Yes, I’ve been raving about this for months now, and it’s odd because I’m not a huge fan of Rod’s. Like everyone, I know the hits - “Maggie May”, “Do Ya Think I’m Sexy”, “Sailing” etc - but would not, prior to this, have considered buying one of his albums, bar his greatest hits, which I do own. And it was more curiosity than anything else that drew me to this on the new releases of my favourite album vendor. At first I took it to be a greatest hits compilation - after all, what did Rod do these days other than release greatest hits compilations? But looking further into it, I discovered it was a whole new studio album; new tracks, new songs, an original composition, his first since 2001, not counting his various covers and tribute albums released since then.


So I was intrigued. The guy’s a legend, after all, but would he still be able to cut it in the twenty-first century? Would he, like so many others before him and from his general era, try to update his sound, adding influences from today’s music? Would he collaborate with some of this century’s better-known stars? Or would the album sound dated, ageing, out of, as they say, time? Only one way to find out, so I bought it and played it. What I discovered was a man who, at the age of sixty-eight and with over twenty albums to his credit, over twenty top ten singles, five of which were number ones, can still stand shoulder to shoulder with the best and show ‘em how it’s done, and remains relevant even thirty-five years after his career took off.

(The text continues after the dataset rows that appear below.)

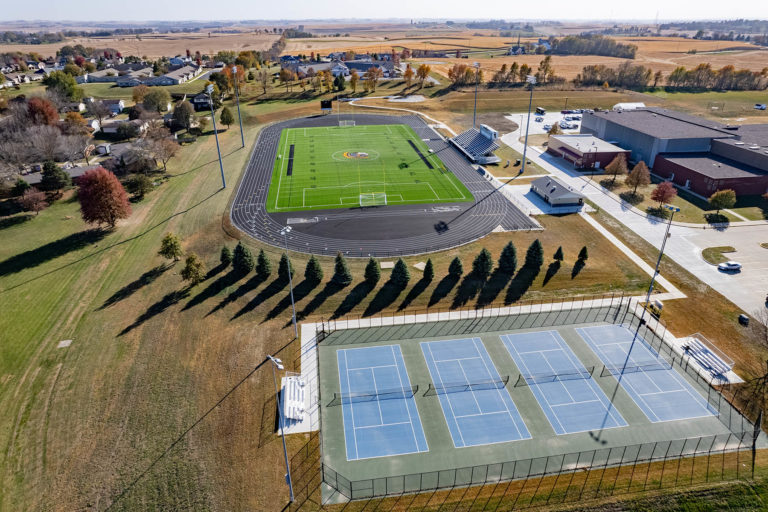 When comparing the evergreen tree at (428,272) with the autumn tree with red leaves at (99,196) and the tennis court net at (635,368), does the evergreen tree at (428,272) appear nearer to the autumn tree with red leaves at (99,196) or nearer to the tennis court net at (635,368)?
the tennis court net at (635,368)

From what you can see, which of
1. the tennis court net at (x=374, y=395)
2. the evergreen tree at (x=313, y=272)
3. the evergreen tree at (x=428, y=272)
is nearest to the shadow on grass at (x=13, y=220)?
the evergreen tree at (x=313, y=272)

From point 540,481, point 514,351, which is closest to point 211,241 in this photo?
point 514,351

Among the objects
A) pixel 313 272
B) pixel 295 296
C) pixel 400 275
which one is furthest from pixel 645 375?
pixel 295 296

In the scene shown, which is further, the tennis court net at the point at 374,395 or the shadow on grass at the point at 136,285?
the shadow on grass at the point at 136,285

It’s a little depressing to note that the singles released from this album so far have failed to even make a dent in the charts, and I guess ol’ Rod doesn’t have the pulling power he used to, when almost everything he touched turned to gold, and he only had to record a song for it to be a hit. But these are different times, people want different things, and this, so far as I can see with my limited knowledge of his music, is a very different Rod Stewart album. Of course, there will be those of you - most of you, probably - who will scoff and jeer at my championing the cause of the music of an old man, and to be honest I’m as surprised as anyone that this album impressed me as it did. But then, everyone seems to be raving about Elton John’s first album in seven years, and he’s from the same time period. It is however gratifying to see that _Time _slipped right in there at number one in the album charts, so _someone_ appreciates good music.

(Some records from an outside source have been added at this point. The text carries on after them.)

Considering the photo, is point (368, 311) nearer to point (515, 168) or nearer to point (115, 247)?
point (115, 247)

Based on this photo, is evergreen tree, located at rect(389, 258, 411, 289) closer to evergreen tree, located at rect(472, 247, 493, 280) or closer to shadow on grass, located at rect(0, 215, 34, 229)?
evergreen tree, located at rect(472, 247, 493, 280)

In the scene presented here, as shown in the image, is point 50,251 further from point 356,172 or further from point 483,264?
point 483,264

It opens with a big, bright, bouncy love song which affirms Rod’s happiness with his new love, and celtic instrumentation being the thing these days he has fiddle, accordion and also dulcimer and maracas giving the song a very folky feel. The album has been praised as his “most personal to date” and indeed it is: all through the album Rod either reflects on his past or looks to the future, and in every track, on every song he seems to be thankful for what he now has, his bad boy days gone. In many ways, he’s the antithesis of Robbie Williams, whose new album didn’t quite impress me. Robbie, now fast approaching forty, is still trying to be the Peter Pan figure and hold on to his fading youth on _Take the Crown_, trying to hold back time and age and live in a perpetual world of booze, birds and bad boy behaviour. Rod, on the other hand, seems much more comfortable in his skin, at peace with himself and his place in the world.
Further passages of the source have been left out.